Juliana Abrusio, sócia de Tecnologia e Proteção de Dados do Machado Meyer Advogados, afirma que negócios que usam essas plataformas precisam de um plano de contingência:
— Uma eventual responsabilização pelos prejuízos precisa identificar as causas do problema. E os prejuízos teriam que ser comprovados. Tem que ter muita cautela. Em termos jurídicos, nenhum desses contratos (com as plataformas) requer exclusividade. Por isso, o incidente está trazendo a necessidade de estabelecer uma contingência e um “plano B”.

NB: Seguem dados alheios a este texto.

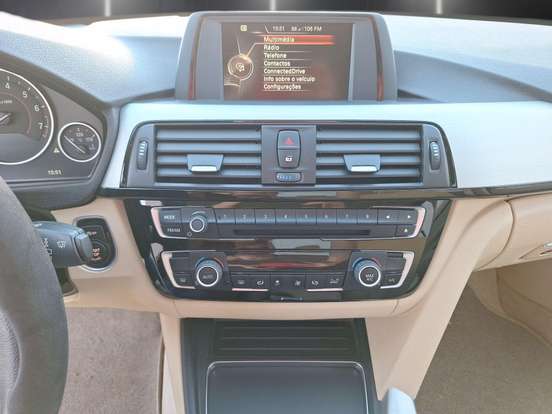 BMW-320i-2017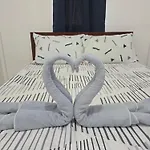Island Vibes Hostel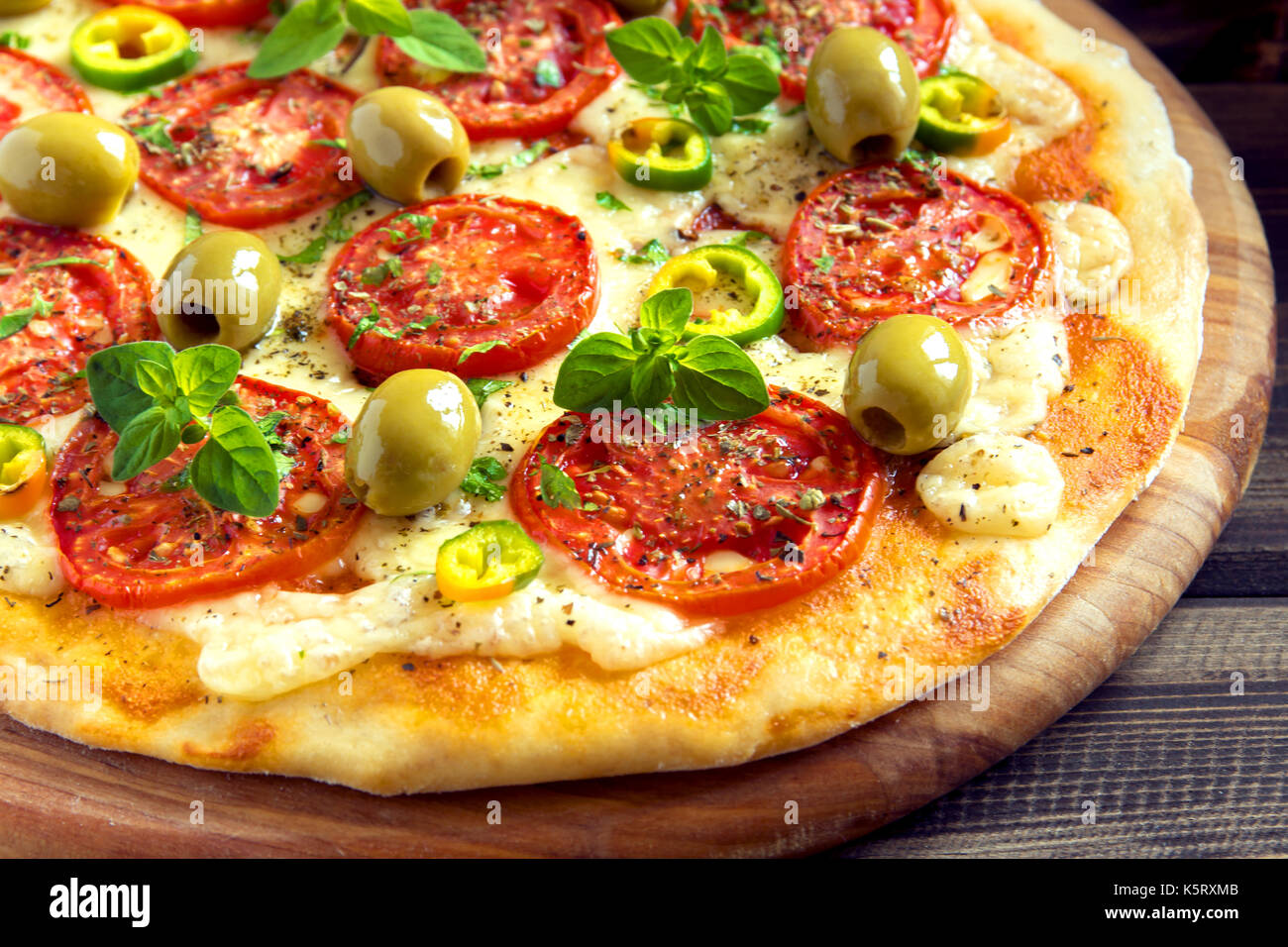 Pizza mexicain épicé avec tomates, olives et piments jalapenos. pizza végétarienne avec l'origan. Banque D'Images
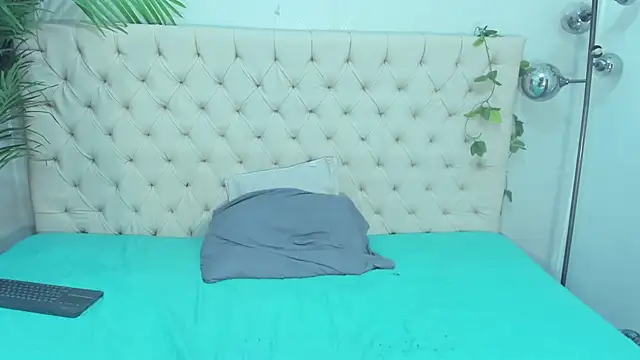 Victoria Coleman online show from March 20, 11:05 am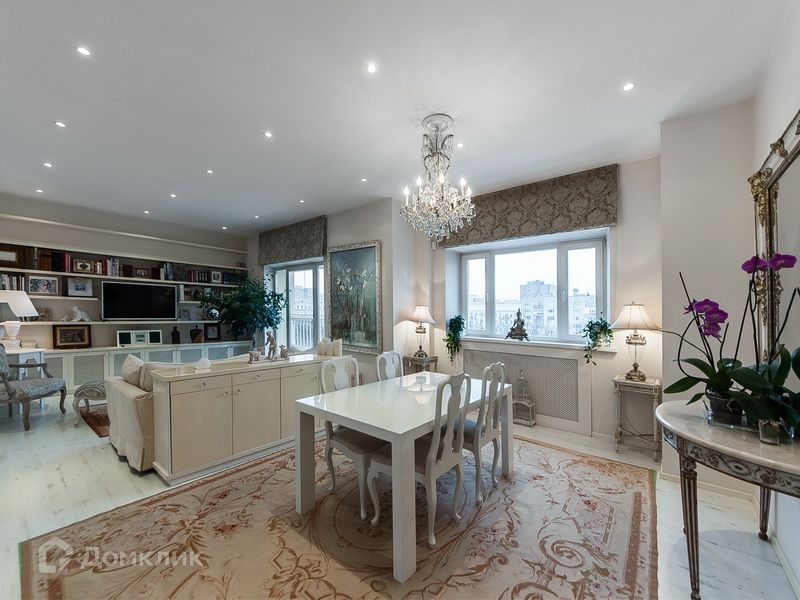 Сдаётся 2-комнатная квартира, 90 м²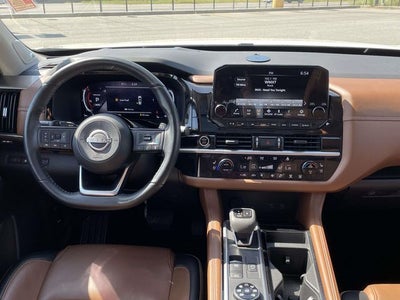 2024 Nissan Pathfinder Platinum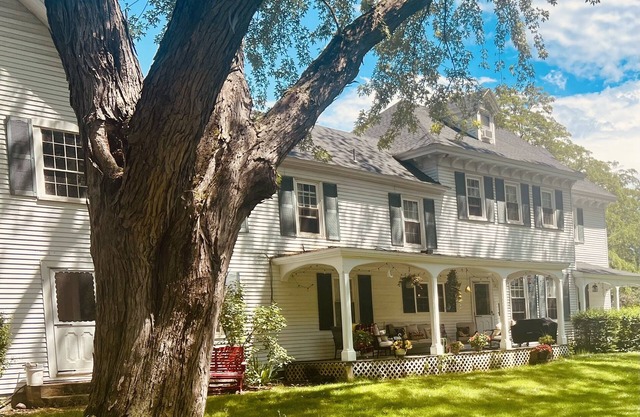 Pet friendly, Family Homestead 1 hr from the coast!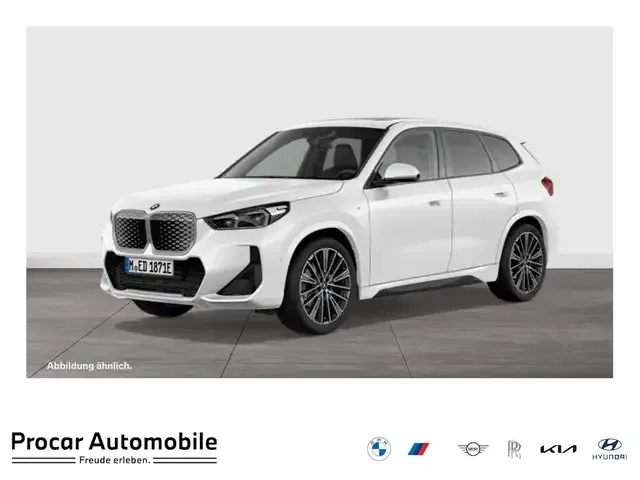 BMW iX1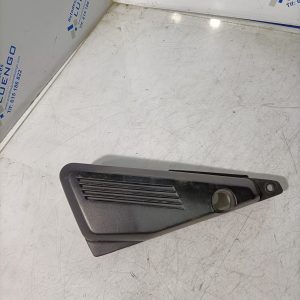 Tapa bajo asiento lado izquierdo Yamaha FZS 600 Fazer 2002-2003
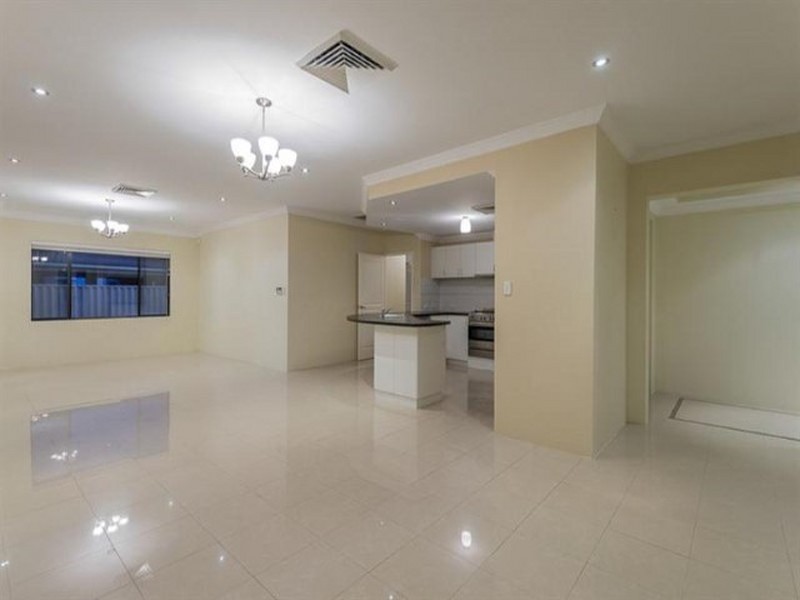 17 Halcyon Way, Atwell WA 6164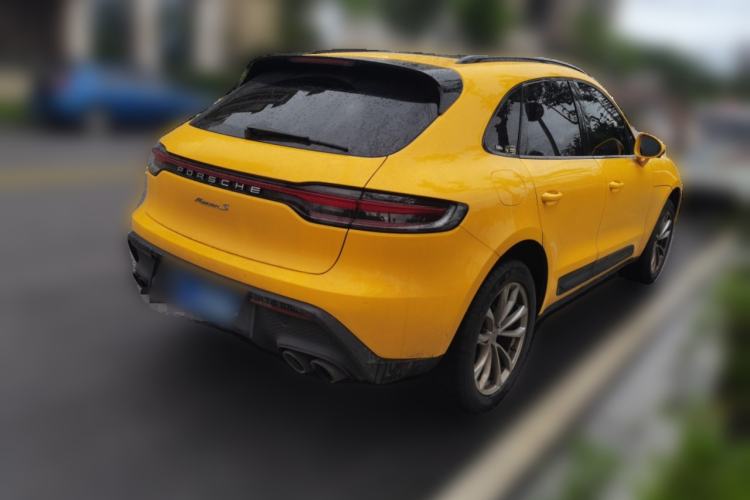 Used Porsche Macan 2022 Macan 2.0T Rear Right 45 Deg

Ana Paula Tozzi, da AGR Consultores, diz que, por ora, é difícil encontrar “plano B” ou ferramentas alternativas.
— O Facebook resolveu várias dores do varejo e dos brasileiros (no digital). E, na maior parte dos casos, não cobra nada. Permitiu às lojas físicas venderem qualquer produto a qualquer momento. Criou-se uma dependência muito grande. Por ora, não vejo alternativa, pelo tamanho da rede.
Para Alexandre Machado, sócio-diretor da Gouvêa Consulting, varejistas, empresas e serviços buscaram a evolução digital, e não é possível dar um passo atrás. E ressalta que os pequenos não têm condições de montar site ou arcar com custos extras no digital. Ele acha difícil o Facebook ressarcir empreendedores:
— Quem criou um negócio digital ancorado nessas redes sociais perdeu. A proteção vem só para quem tem contrato pago. O importante é diversificar canais de venda e contato com o cliente. O varejista tem de ter mais de um canal. Isso reduz impacto.
A CEO da consultoria K.O.A Negócios, Mara Lacerda, concorda. Ela afirma que as empresas precisam pulverizar seus canais, não só para reduzir sua dependência tecnológica, mas para alcançar outros públicos.
‘Perdidinhas’
Apesar do susto provocado pela pane, o mundo dos negócios vai ser cada vez mais digital, garante a presidente do Conselho de Administração do Magazine Luiza, Luiza Helena Trajano:
— Ontem (segunda-feira), a gente ficou seis horas sem (as redes sociais), e as pessoas ficaram perdidinhas. Mas o digital é uma realidade. Não é um aplicativo, um software, um site, é uma forma de lidar. O digital é totalmente diferente de sofisticado, é um simples rápido — afirmou ela em evento on-line da Firjan.
As grandes companhias não sentiram o impacto, diz Pedro Serra, gerente de Research da Ativa Investimentos. Mas a pane acendeu um alerta:
— Nas grandes empresas, WhatsApp e redes sociais são um canal complementar. Elas têm outros — ressalta Serra. — Agora, imaginem se isso acontece na semana do Natal?